[[ Recorded data open ]]
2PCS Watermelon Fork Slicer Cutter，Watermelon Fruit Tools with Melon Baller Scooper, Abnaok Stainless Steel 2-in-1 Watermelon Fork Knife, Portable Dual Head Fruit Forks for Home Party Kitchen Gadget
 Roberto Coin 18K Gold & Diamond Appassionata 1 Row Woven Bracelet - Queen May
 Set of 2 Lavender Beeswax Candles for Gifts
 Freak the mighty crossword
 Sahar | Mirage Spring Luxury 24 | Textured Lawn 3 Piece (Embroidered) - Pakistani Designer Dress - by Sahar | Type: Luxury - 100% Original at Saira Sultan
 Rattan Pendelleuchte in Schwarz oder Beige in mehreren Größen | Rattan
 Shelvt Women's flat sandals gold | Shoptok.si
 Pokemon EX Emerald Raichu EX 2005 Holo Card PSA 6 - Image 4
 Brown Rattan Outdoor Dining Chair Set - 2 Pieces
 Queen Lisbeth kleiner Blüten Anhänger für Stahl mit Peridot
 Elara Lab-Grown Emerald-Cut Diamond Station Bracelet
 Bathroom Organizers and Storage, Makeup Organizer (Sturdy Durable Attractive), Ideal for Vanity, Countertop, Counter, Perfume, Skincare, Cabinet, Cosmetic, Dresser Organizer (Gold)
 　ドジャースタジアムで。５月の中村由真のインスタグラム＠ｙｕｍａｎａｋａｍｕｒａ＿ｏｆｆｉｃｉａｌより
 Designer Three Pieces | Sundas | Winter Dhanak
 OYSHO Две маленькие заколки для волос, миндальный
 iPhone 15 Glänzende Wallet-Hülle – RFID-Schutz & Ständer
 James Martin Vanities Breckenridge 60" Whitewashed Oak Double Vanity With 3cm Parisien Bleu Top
[[ Recorded data closed ]]
* [Assignment]:
Retype only the stretch of lines above starting at the one with "Bathroom Organizers and" and stopping at the one with "OYSHO Две маленькие", exactly as written, with both kept.

* [Response area]:
 Bathroom Organizers and Storage, Makeup Organizer (Sturdy Durable Attractive), Ideal for Vanity, Countertop, Counter, Perfume, Skincare, Cabinet, Cosmetic, Dresser Organizer (Gold)
 　ドジャースタジアムで。５月の中村由真のインスタグラム＠ｙｕｍａｎａｋａｍｕｒａ＿ｏｆｆｉｃｉａｌより
 Designer Three Pieces | Sundas | Winter Dhanak
 OYSHO Две маленькие заколки для волос, миндальный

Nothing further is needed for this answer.